Write out every line below that contains "Women".

(Records drawn from a dataset)
--------------------------------------------------
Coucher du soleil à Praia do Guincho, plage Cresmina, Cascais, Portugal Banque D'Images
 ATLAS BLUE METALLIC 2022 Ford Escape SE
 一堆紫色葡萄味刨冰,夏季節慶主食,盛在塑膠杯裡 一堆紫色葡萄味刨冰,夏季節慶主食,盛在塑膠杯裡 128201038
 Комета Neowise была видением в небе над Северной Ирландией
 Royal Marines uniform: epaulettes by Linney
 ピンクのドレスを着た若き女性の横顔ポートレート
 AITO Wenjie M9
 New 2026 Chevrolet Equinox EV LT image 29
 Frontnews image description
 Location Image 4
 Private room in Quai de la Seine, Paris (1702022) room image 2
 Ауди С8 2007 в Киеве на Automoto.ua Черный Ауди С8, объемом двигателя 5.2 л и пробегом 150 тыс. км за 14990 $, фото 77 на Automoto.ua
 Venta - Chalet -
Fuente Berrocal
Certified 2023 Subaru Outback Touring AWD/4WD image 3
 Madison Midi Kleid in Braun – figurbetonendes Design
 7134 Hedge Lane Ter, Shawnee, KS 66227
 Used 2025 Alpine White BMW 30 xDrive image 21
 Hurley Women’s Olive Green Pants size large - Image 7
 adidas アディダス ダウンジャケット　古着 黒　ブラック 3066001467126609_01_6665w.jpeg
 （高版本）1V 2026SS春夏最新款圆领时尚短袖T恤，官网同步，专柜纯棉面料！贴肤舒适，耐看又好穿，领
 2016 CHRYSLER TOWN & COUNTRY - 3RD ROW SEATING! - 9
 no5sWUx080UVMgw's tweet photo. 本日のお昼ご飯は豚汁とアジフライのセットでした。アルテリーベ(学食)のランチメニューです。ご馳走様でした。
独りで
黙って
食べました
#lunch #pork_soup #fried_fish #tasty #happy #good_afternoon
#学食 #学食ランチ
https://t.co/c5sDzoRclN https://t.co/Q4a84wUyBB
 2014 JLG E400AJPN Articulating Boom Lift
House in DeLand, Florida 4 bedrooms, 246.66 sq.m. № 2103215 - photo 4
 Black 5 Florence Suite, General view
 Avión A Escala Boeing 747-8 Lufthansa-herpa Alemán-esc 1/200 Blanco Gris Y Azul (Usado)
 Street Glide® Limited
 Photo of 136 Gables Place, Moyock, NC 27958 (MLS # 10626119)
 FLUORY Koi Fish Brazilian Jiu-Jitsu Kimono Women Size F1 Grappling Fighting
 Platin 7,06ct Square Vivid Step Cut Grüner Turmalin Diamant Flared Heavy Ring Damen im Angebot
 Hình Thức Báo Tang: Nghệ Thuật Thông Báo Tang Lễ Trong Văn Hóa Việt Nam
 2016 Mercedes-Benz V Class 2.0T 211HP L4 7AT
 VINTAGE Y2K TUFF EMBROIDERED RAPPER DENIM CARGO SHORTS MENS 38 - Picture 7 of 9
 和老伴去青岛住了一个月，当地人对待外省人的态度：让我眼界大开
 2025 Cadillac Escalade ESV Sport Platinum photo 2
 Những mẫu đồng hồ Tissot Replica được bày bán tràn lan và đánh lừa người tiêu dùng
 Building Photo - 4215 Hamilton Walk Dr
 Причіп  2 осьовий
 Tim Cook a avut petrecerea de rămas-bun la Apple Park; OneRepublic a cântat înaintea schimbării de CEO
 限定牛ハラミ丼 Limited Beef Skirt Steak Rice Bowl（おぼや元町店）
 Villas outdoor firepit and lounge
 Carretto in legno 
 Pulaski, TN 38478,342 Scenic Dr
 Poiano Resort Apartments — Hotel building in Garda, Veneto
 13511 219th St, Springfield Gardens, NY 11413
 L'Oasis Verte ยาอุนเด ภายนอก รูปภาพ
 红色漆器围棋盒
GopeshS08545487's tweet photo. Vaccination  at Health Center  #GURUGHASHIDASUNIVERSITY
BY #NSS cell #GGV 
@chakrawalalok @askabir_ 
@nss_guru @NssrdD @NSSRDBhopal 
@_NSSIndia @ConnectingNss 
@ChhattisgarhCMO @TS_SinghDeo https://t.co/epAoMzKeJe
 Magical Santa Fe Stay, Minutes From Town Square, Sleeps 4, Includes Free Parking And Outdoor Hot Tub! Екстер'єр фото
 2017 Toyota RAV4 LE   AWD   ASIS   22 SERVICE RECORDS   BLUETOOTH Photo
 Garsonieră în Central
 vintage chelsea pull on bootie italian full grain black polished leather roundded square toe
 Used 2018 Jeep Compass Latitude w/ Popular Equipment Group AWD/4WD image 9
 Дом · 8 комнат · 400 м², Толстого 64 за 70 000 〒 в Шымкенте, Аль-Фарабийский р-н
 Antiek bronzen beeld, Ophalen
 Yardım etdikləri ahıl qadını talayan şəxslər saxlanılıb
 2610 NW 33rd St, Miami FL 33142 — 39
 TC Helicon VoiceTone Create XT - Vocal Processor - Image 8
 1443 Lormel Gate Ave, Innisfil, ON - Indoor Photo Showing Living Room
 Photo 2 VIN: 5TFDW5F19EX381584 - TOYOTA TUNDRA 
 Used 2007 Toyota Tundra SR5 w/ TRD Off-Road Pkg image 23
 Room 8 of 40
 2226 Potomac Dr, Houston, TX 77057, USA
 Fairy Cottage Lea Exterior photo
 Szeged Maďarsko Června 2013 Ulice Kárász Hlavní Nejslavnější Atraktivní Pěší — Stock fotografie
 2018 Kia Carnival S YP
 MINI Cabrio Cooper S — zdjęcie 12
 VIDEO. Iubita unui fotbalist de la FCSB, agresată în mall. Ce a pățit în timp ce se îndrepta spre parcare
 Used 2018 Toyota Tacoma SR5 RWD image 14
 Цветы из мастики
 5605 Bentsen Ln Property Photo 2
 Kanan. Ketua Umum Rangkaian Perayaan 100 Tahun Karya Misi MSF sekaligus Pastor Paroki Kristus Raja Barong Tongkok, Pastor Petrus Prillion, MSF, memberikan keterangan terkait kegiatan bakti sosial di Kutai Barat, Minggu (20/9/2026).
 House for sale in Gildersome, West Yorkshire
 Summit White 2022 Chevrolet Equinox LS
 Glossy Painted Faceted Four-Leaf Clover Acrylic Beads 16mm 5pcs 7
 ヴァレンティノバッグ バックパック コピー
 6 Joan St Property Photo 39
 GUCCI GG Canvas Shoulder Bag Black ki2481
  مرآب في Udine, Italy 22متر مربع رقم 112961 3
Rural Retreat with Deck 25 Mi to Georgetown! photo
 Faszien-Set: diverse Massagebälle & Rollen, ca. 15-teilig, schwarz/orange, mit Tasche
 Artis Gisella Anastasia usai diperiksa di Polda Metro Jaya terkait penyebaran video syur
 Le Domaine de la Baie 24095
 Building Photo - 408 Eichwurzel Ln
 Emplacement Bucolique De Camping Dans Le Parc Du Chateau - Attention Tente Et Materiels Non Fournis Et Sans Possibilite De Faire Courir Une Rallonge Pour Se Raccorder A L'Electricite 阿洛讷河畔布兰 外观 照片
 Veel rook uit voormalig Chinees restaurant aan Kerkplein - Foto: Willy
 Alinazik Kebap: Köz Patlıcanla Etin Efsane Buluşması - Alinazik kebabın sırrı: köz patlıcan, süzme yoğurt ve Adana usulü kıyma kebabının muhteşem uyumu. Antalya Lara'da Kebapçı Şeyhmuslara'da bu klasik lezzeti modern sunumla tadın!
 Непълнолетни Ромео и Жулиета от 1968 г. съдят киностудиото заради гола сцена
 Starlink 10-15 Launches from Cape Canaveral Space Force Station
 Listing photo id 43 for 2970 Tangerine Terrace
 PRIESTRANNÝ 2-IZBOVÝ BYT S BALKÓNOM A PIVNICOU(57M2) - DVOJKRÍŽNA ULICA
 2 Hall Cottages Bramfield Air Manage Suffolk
--------------------------------------------------
- **Final answer**
 Hurley Women’s Olive Green Pants size large - Image 7
 FLUORY Koi Fish Brazilian Jiu-Jitsu Kimono Women Size F1 Grappling Fighting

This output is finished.